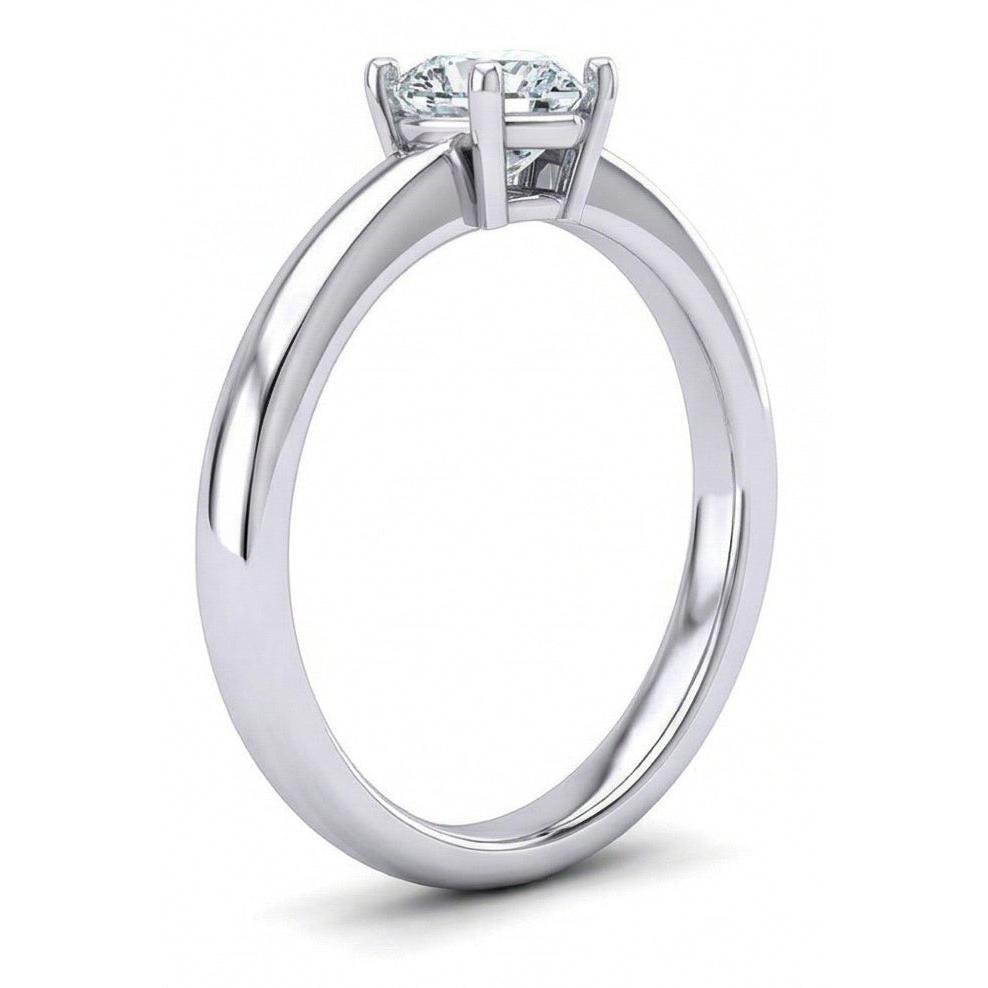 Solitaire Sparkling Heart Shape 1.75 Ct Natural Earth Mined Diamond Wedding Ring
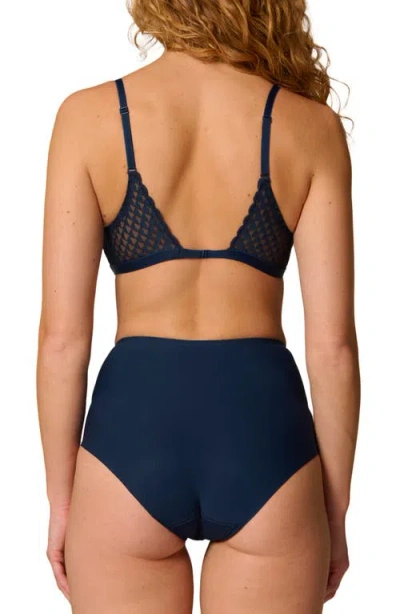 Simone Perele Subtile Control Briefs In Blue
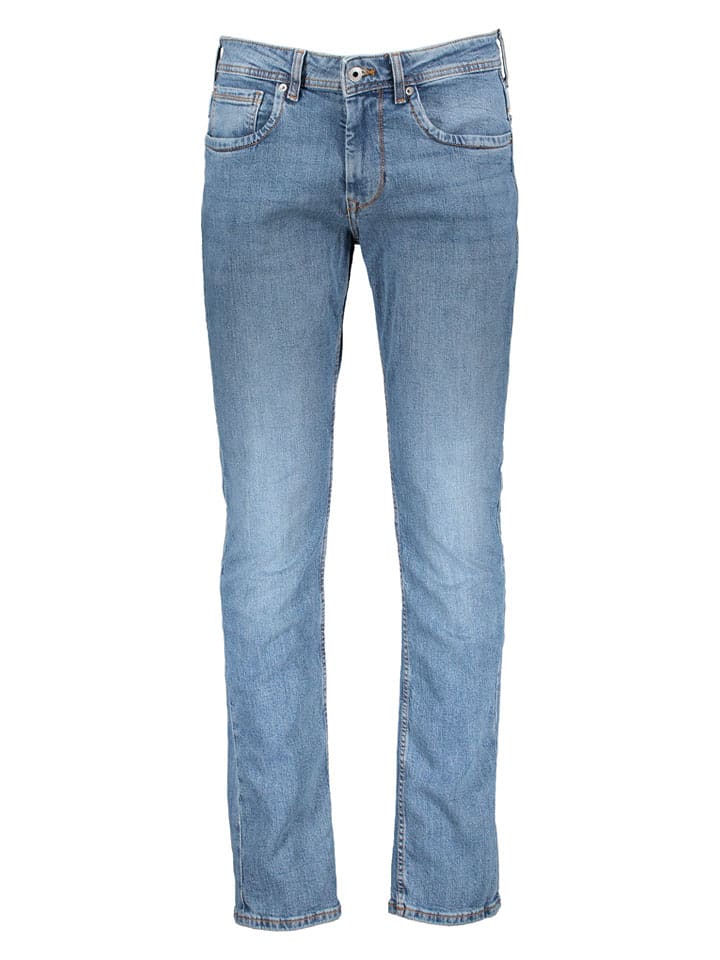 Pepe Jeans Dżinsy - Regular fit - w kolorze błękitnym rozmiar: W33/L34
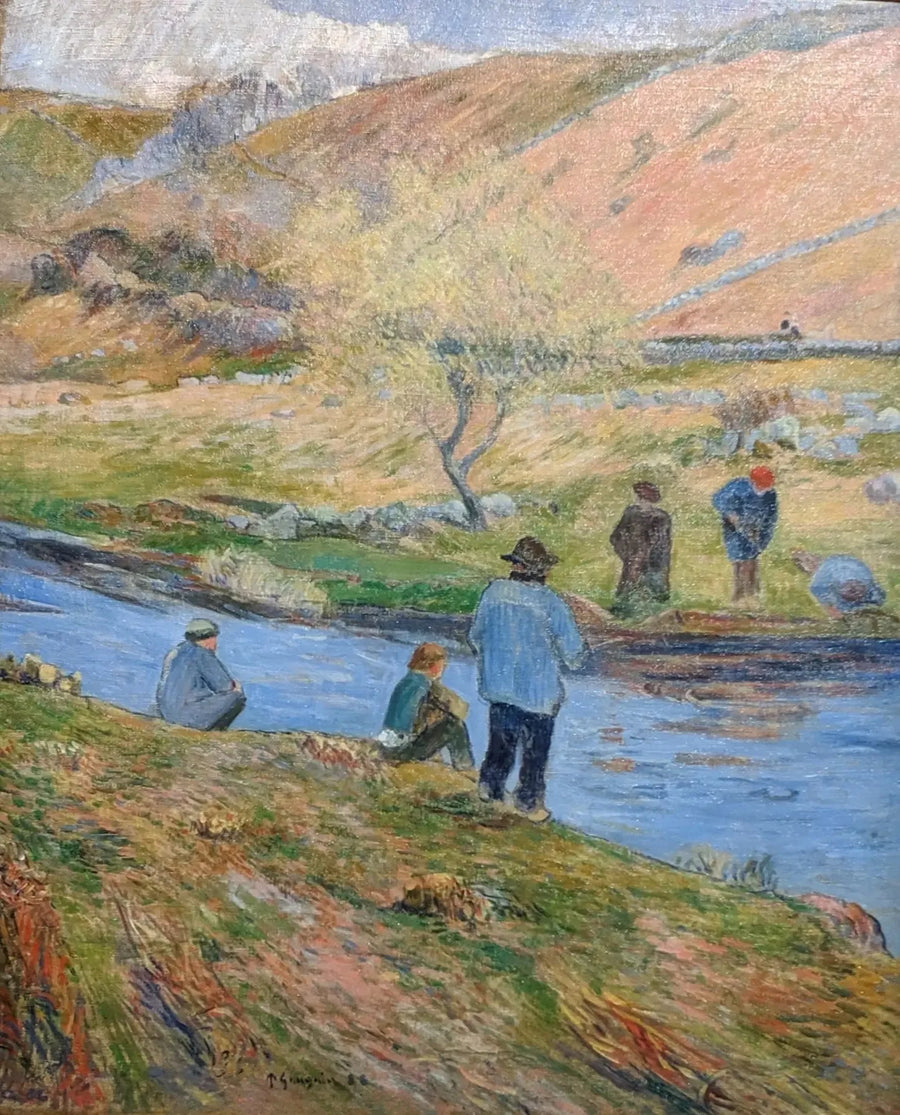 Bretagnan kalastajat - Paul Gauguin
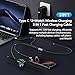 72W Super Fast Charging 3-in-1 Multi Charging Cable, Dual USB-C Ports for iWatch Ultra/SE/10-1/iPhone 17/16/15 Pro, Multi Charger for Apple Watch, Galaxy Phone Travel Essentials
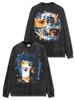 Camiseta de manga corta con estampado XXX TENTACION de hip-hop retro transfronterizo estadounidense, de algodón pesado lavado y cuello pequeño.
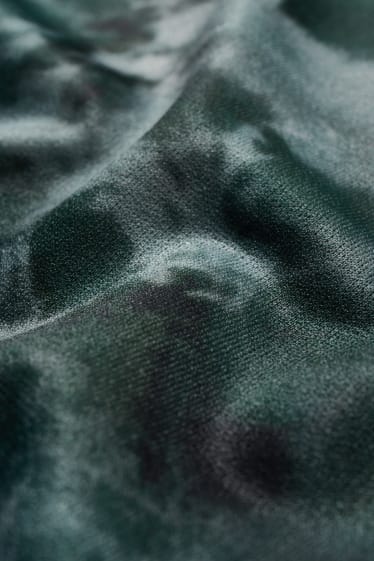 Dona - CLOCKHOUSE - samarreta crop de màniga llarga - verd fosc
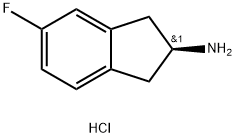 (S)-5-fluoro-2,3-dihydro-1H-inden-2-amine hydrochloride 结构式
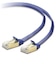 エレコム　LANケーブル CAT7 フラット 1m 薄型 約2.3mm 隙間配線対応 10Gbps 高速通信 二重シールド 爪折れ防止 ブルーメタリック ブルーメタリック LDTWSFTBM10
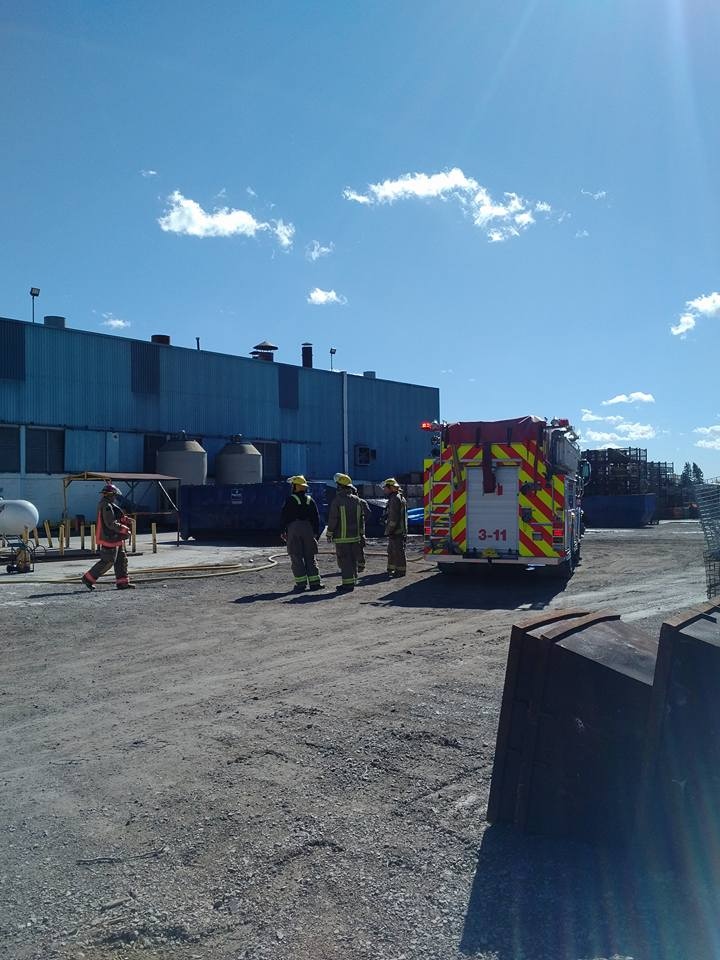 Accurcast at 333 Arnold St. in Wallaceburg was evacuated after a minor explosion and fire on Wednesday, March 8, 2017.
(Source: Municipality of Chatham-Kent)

------

### What the task requires
Retype, word for word, the line containing "エレコム　LANケーブル CAT7 フラット" and each line after it through the end of the data, leaving any picture out.

### Solution
 エレコム　LANケーブル CAT7 フラット 1m 薄型 約2.3mm 隙間配線対応 10Gbps 高速通信 二重シールド 爪折れ防止 ブルーメタリック ブルーメタリック LDTWSFTBM10
 Accurcast at 333 Arnold St. in Wallaceburg was evacuated after a minor explosion and fire on Wednesday, March 8, 2017.
(Source: Municipality of Chatham-Kent)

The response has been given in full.